= EXERCISE INPUT =
>>>

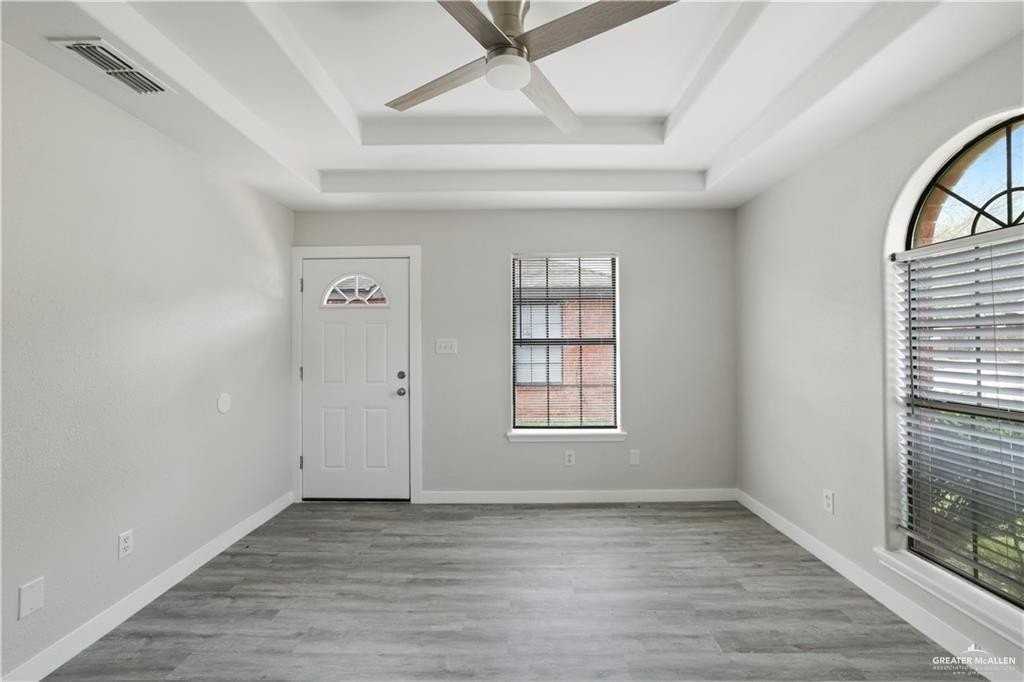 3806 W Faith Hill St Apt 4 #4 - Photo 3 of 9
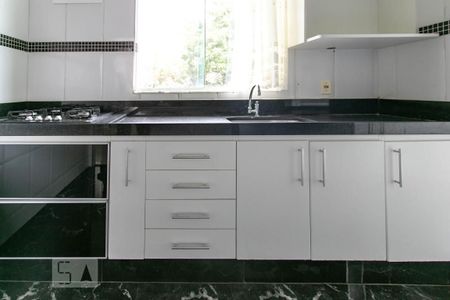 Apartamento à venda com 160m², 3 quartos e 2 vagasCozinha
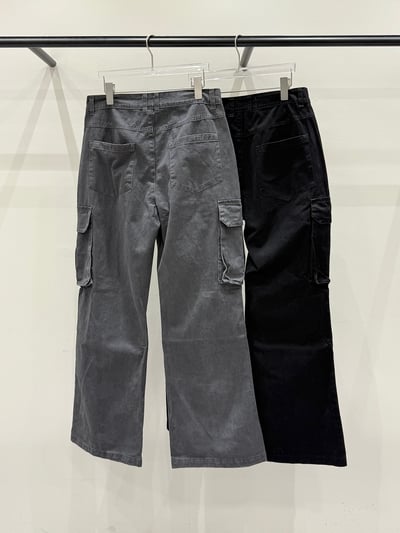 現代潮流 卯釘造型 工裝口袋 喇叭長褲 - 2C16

<<<
>>>

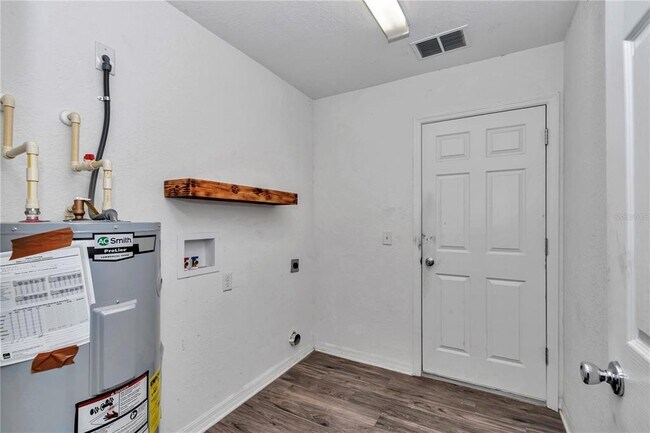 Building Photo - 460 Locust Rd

<<<
>>>

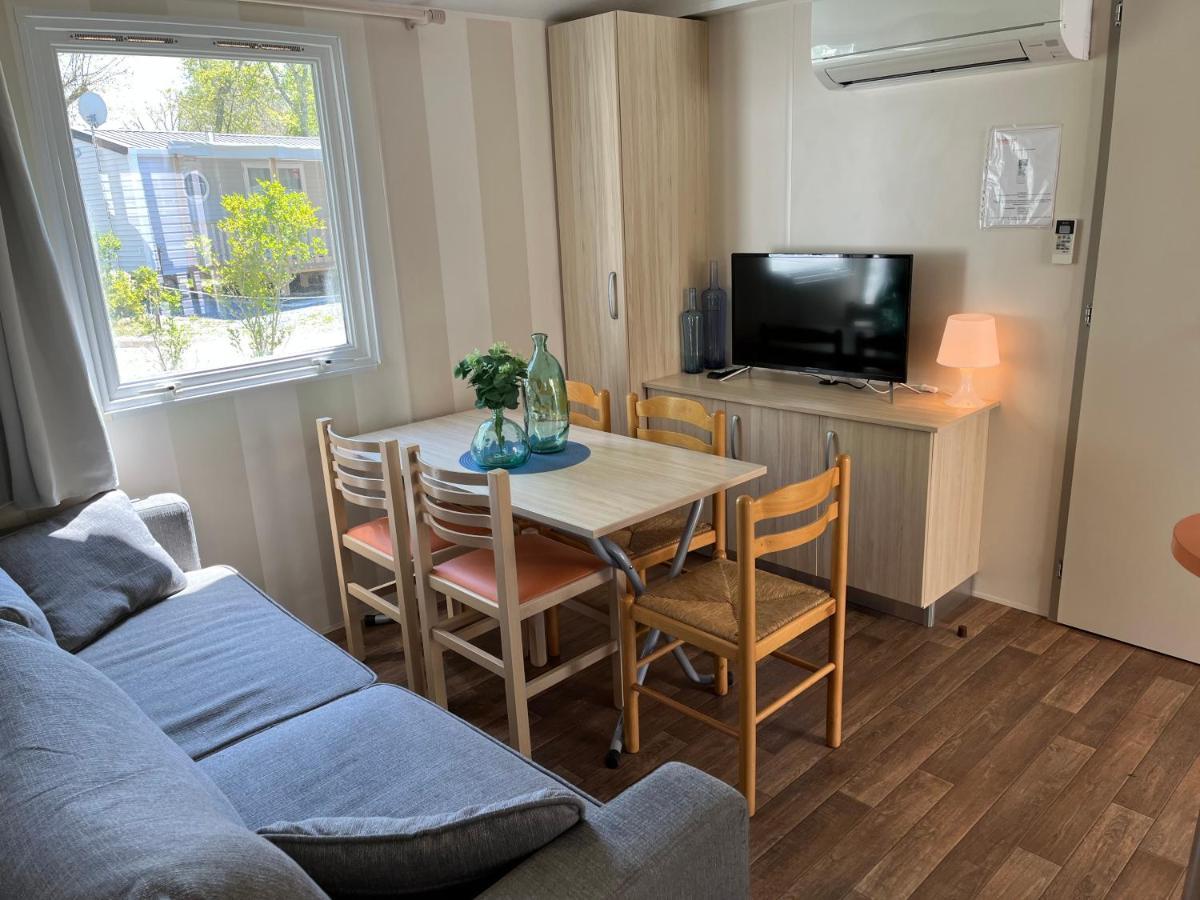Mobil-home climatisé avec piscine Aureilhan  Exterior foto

<<<

= WORK ORDER =
The material above holds pictures; leave them out and set down exactly the lines from the line with "3806 W Faith Hill St Apt 4 #4 - Photo 3 of 9" to the line with "現代潮流 卯釘造型 工裝口袋 喇叭長褲 - 2C16", both included.

= ANSWER BOX =
 3806 W Faith Hill St Apt 4 #4 - Photo 3 of 9
 Apartamento à venda com 160m², 3 quartos e 2 vagasCozinha
 現代潮流 卯釘造型 工裝口袋 喇叭長褲 - 2C16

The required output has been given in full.